══ EXTRACTED INFORMATION ══

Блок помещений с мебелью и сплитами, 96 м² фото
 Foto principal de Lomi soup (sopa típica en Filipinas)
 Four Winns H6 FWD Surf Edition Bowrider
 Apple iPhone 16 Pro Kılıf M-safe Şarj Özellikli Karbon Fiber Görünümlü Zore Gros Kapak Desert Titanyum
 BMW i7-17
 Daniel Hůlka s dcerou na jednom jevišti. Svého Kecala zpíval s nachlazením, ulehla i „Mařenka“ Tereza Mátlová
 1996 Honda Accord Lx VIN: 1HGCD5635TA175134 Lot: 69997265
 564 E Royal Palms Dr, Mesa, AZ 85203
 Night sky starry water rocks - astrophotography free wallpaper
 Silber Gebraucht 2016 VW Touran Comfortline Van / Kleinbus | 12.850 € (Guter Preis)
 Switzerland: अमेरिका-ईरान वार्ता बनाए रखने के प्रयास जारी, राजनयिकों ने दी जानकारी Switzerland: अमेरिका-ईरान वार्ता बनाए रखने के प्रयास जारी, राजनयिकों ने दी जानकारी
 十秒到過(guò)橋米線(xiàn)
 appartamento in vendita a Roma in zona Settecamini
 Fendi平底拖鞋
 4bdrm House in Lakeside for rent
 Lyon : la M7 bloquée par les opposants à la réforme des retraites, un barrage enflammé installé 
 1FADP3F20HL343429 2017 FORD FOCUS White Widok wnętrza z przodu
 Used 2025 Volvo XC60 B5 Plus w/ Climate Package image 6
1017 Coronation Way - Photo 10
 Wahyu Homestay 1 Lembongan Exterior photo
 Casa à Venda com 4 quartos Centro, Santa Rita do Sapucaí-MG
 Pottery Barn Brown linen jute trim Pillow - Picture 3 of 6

═══

**ACTIVITY:** The final stretch of the listing, from the line containing "Silber Gebraucht 2016" through its last line, both included, is to be output exactly and by itself.

**EXERCISE RESPONSE:**
 Silber Gebraucht 2016 VW Touran Comfortline Van / Kleinbus | 12.850 € (Guter Preis)
 Switzerland: अमेरिका-ईरान वार्ता बनाए रखने के प्रयास जारी, राजनयिकों ने दी जानकारी Switzerland: अमेरिका-ईरान वार्ता बनाए रखने के प्रयास जारी, राजनयिकों ने दी जानकारी
 十秒到過(guò)橋米線(xiàn)
 appartamento in vendita a Roma in zona Settecamini
 Fendi平底拖鞋
 4bdrm House in Lakeside for rent
 Lyon : la M7 bloquée par les opposants à la réforme des retraites, un barrage enflammé installé 
 1FADP3F20HL343429 2017 FORD FOCUS White Widok wnętrza z przodu
 Used 2025 Volvo XC60 B5 Plus w/ Climate Package image 6
1017 Coronation Way - Photo 10
 Wahyu Homestay 1 Lembongan Exterior photo
 Casa à Venda com 4 quartos Centro, Santa Rita do Sapucaí-MG
 Pottery Barn Brown linen jute trim Pillow - Picture 3 of 6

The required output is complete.